Work to complete: An exact restatement of the data is required, with the images omitted.

Source data:

☆ ☆ ☆ ☆ ☆

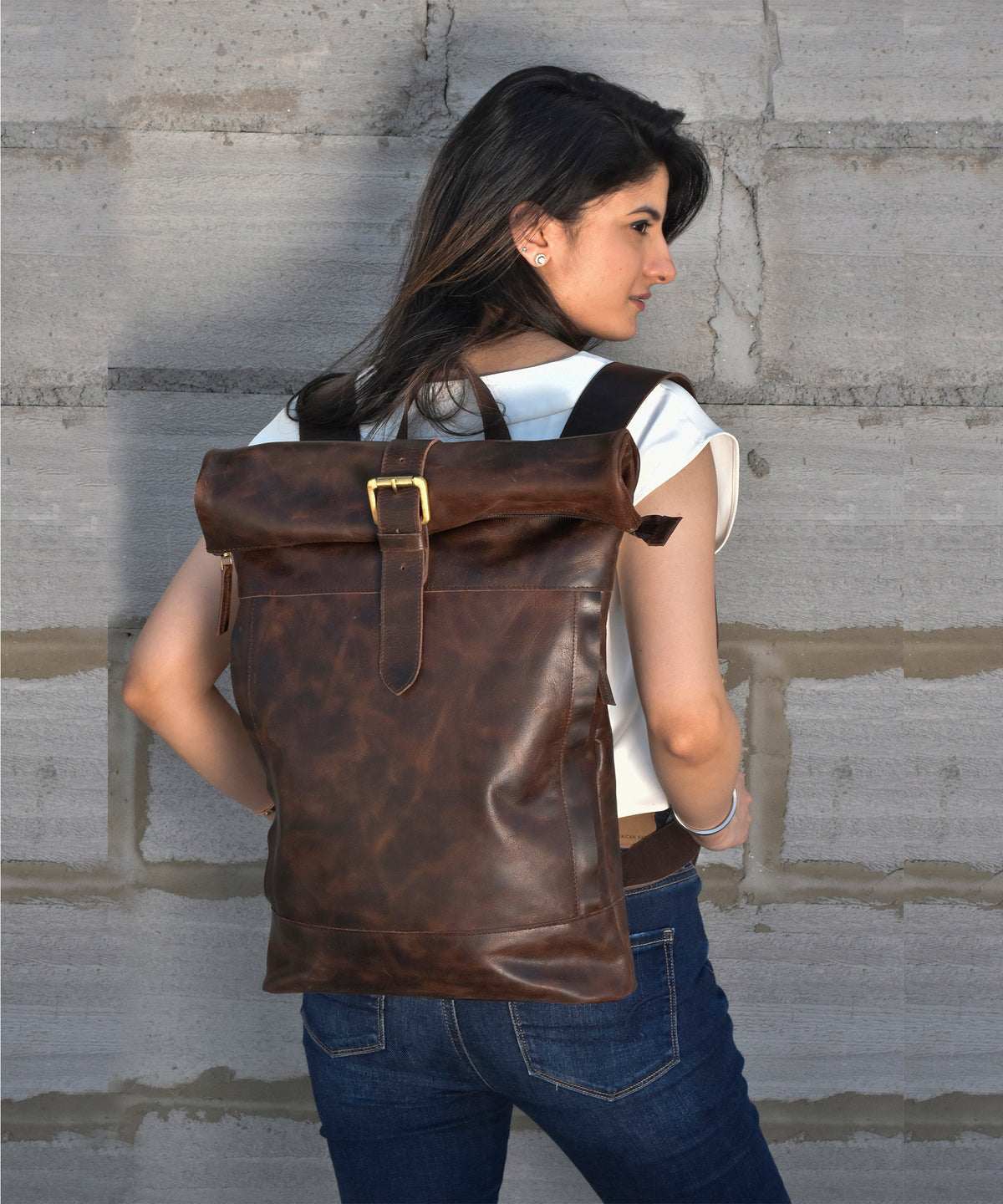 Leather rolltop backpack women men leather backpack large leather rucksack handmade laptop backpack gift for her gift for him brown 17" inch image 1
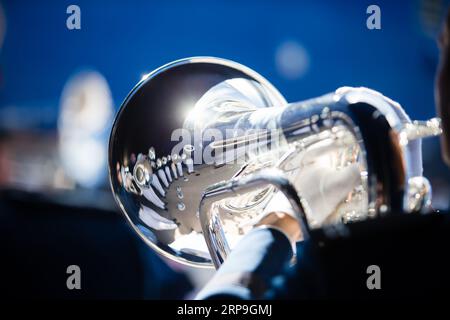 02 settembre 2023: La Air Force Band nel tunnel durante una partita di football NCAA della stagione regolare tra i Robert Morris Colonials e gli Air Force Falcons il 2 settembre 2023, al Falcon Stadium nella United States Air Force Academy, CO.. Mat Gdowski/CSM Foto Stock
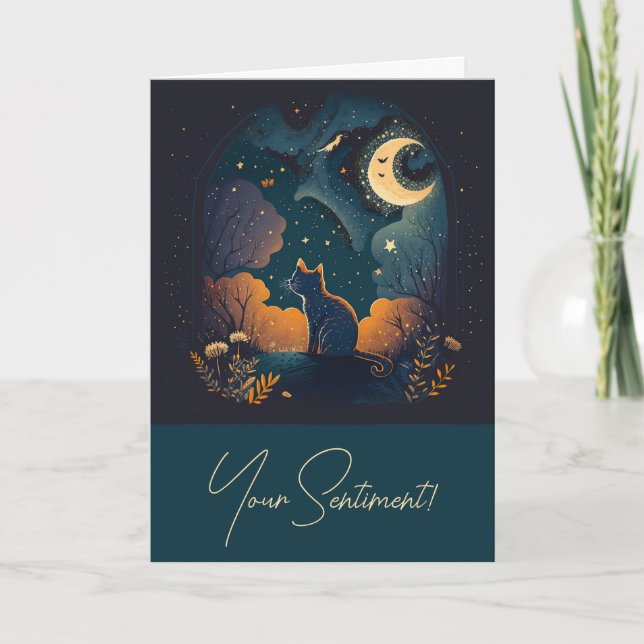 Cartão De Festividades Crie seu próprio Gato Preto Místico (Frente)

☆ ☆ ☆ ☆ ☆

Answer to this problem:
 Leather rolltop backpack women men leather backpack large leather rucksack handmade laptop backpack gift for her gift for him brown 17" inch image 1
 02 settembre 2023: La Air Force Band nel tunnel durante una partita di football NCAA della stagione regolare tra i Robert Morris Colonials e gli Air Force Falcons il 2 settembre 2023, al Falcon Stadium nella United States Air Force Academy, CO.. Mat Gdowski/CSM Foto Stock
 Cartão De Festividades Crie seu próprio Gato Preto Místico (Frente)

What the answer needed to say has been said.